No entanto, nas 12 horas após o programa, Marçal postou 30 cortes de suas falas do debate, gerando 57 milhões de visualizações, segundo levantamento feito pelo Estadão. “Ele entende o debate como uma estrutura da qual você usa uma parte para o conteúdo digital, que é onde ele não tem mediação e cria essa relação de proximidade”, diz Lucas Calil, coordenador de Pesquisa Aplicada da Escola de Comunicação, Mídia e Informação da Fundação Getulio Vargas. “Ele [o debate] é só mais um ponto da discussão toda.”

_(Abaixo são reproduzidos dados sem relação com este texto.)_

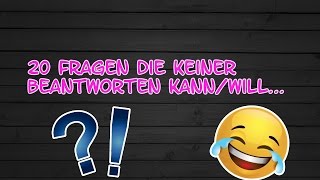 20 dumme Fragen (die keiner beantworten kann/will) | melliswelt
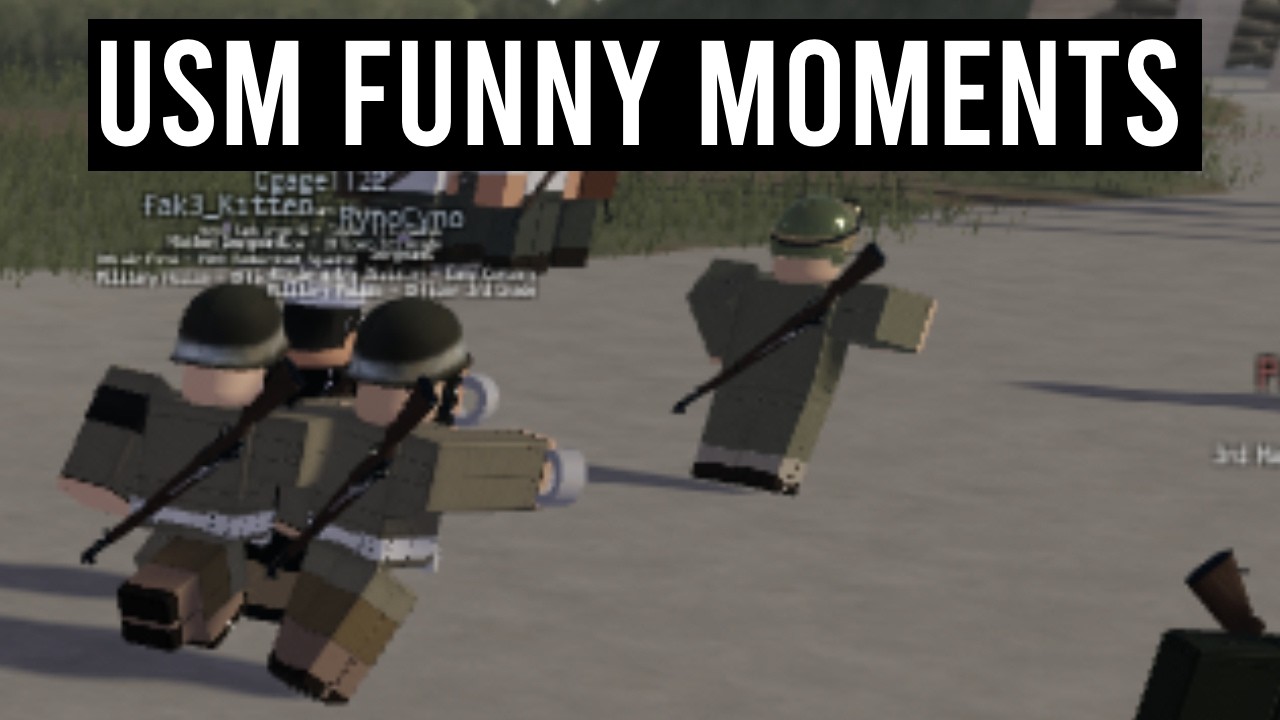 Ep 29: USM Funny Moments 2! (ROBLOX ARMY SERIES, USM 1940s)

Expedição, investigação, condenação
Além dos apoiadores nas redes sociais, Marçal angariou 32 seguidores para uma expedição ao Pico dos Marins, no interior de São Paulo, em 2022, durante uma tempestade com ventos de mais de 100 km/hora. O grupo teve de ser resgatado pelo Corpo de Bombeiros.
Em uma live no YouTube um dia depois do episódio, Marçal afirmou que “não mandou ninguém subir” e que “cada um estava sob a própria responsabilidade”. A Polícia Civil investiga o candidato por tentativa de homicídio privilegiado por conta do caso.
Em 2010, Pablo Marçal recebeu uma condenação por furto qualificado, episódio lembrado por Guilherme Boulos durante o debate. Segundo a sentença, Marçal participou, em meados de 2005, aos 18 anos, de uma organização que invadia contas bancárias online.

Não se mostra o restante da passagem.